Carroll’s drawing shows the turtle all alone, withdrawn into its shell under less than two feet of water, lodged firmly in the mud under ice and under snow on a sunny winter’s day, a far better clime than the penguin’s– and yet it evokes a certain sadness for this little creature all alone beneath the snow, in a torpid state. The turtle is missing out on the days and nights, sleeping a deep sleep in a “half year of stillness.”

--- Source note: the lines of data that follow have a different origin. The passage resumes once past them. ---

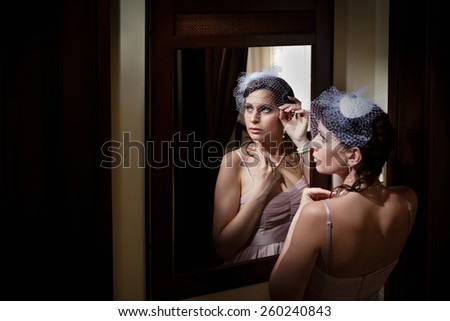 Beautiful lady in veil is looking at the mirror.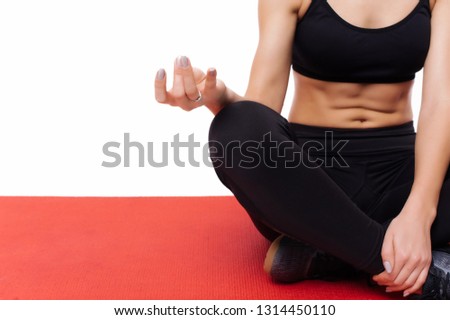 Close up woman on yoga mat to relax, practicing yoga at studio
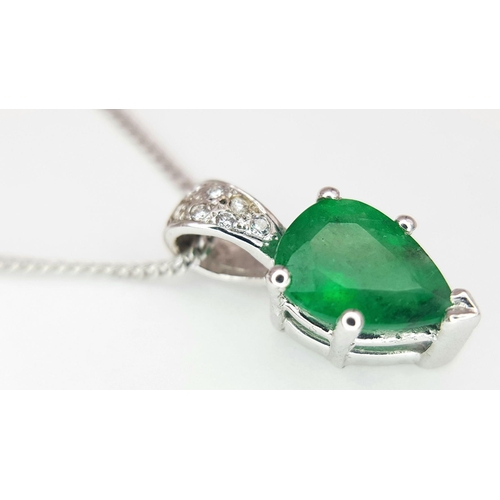 2085 - An 18K White Gold and Emerald Pendant on an 18K White Gold Disappearing Necklace. A 1ct pear shaped ... 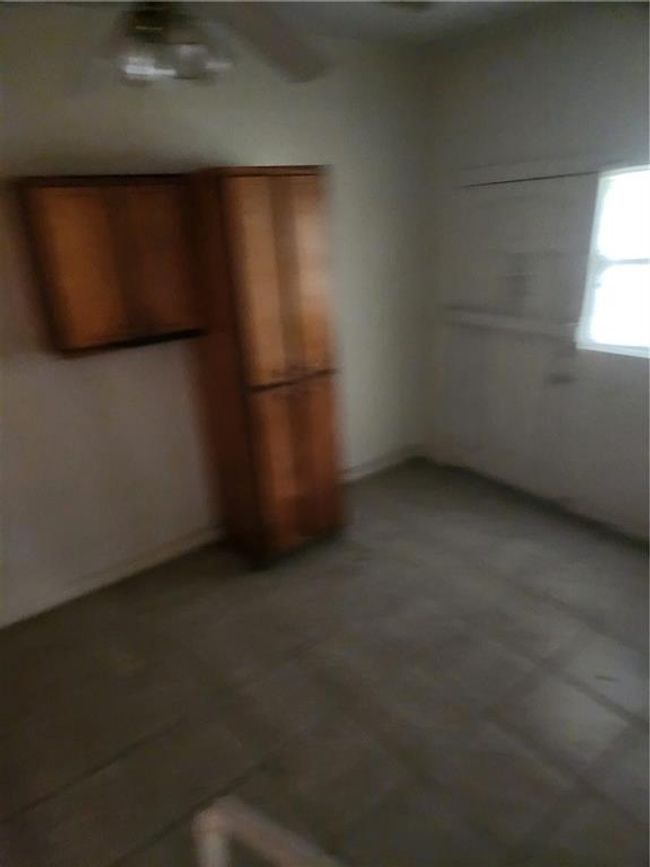 Unfurnished bedroom featuring tile patterned flooring | Image 8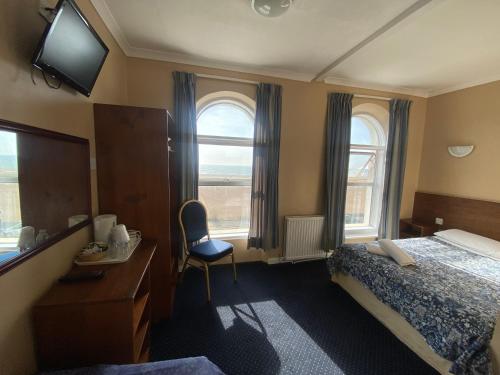 フォークストンにあるOYO Gran Canaria Hotelのベッド、デスク、窓が備わるホテルルームです。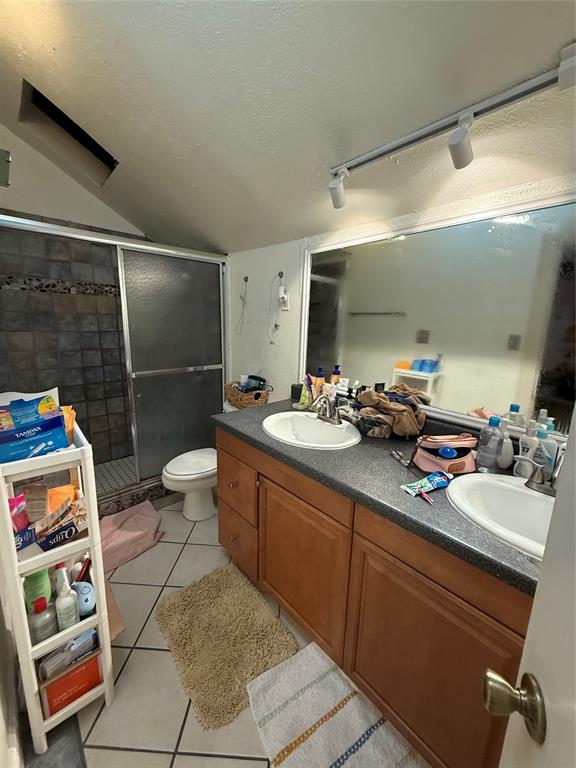 4507 Avenue F, Unit B Austin, TX 78751 - Photo 3 of 5 a bathroom with a sink mirror and shower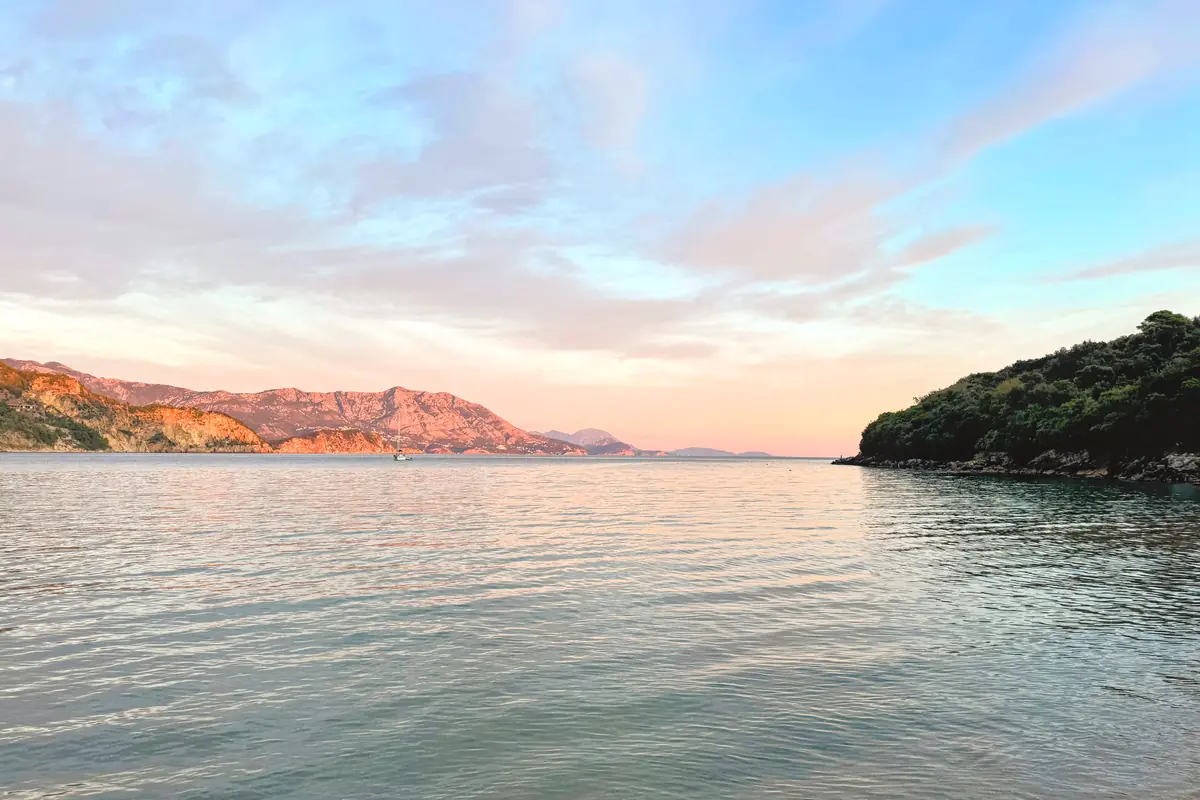 View from Jaz Beach during golden hour, overlooking Budva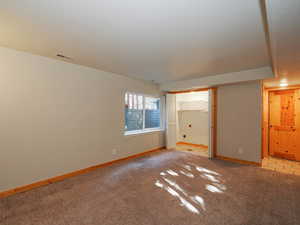 View of carpeted spare room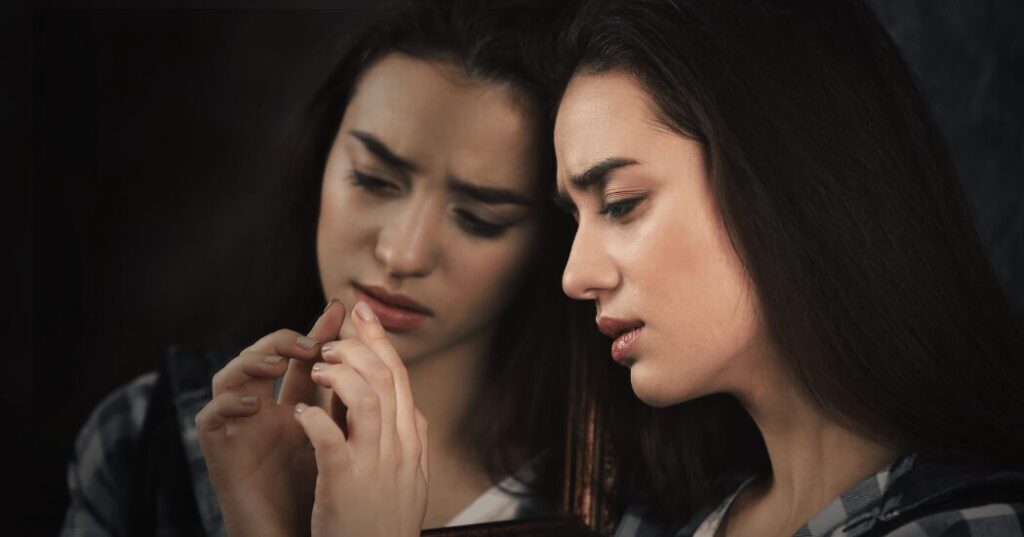 悩む表情の40代女性が鏡を見つめ、「私にはもう無理かも」と感じている様子。年齢や自信低下により自己効力感が下がりやすくなるイメージ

Carroll’s writing is sheer poetry as he describes the turtle’s hibernation: “Mounting layers of snow silently cover the ice. Night after night in the harshest depth of winter, as Orion and the Pleiades burn distant and brilliant in the black sky and strong winds howl off the mountain to the northwest, the turtles rest beneath the ice. With the life in them nearly suspended, reduced to its most tenuous hold, all but extinct in the vast, inhospitable regime that reaches above them to the limits of the universe, they lie within their shells, waiting for the earth to make its required turnings and return them to the sun that will awaken them to another season.”
I think of the turtles below, along with all the other beautiful creatures, and wish them a kind sleep from which they will safely stir as the life force surges through their veins again when the sun brings them to the fullness of life in spring. The death of some, and the half-life of so many, proffers the poignancy of winter.